Saturday, August 29, 2009

Laughing gas is biggest threat to ozone layer

http://www.newscientist.com/article/dn17698-laughing-gas-is-biggest-threat-to-ozone-layer.html

Updated 18:49 28 August 2009 by Lisa Grossman

Nitrous oxide, commonly known as laughing gas, is now the dominant ozone-depleting substance emitted by humans – and is likely to remain so throughout the century, a new study suggests.

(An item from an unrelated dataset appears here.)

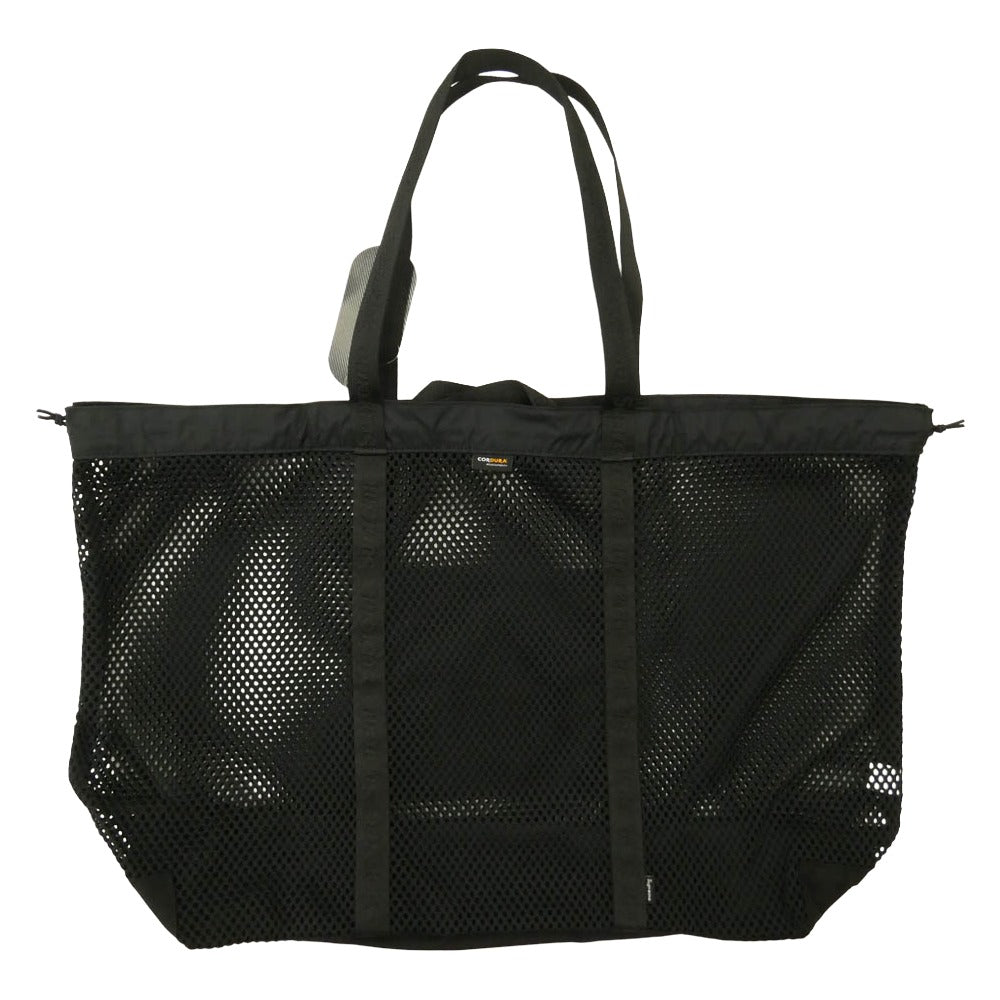 Supreme シュプリーム 25SS Mesh Tote Bag ボックスロゴ メッシュ トートバッグ ブラック系 40×64×19cm【極上美品】【中古】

Researchers suggest use of the compound – which is produced by the breakdown of nitrogen in fertilisers and sewage treatment plants – should be reduced to avoid thinning the protective ozone layer that blankets the Earth.

The ozone layer shields Earth from the sun's ultraviolet rays, which increase the risk of cancer and threaten crops and aquatic life.

Human-produced chemicals called chlorofluorocarbons (CFCs) made headlines in the 1980s when it became clear they were eating a hole in the ozone layer above Earth's polar regions. An international treaty called the Montreal Protocol regulated production of CFCs and certain other ozone-depleting gases in 1987, and they were phased out completely by 1996.

Since then, Earth's ozone – both the polar hole and the atmospheric layer around the whole planet – has been on the mend. But the emission of nitrous oxide, which is not regulated by the Montreal Protocol, could reverse those gains – and could even make the situation worse.

"Right now, nitrous oxide is the most important ozone-depleting gas that is emitted," says A. R. Ravishankara of the US National Oceanic and Atmospheric Administration, lead author of the new research. "It will continue to be so unless something is done."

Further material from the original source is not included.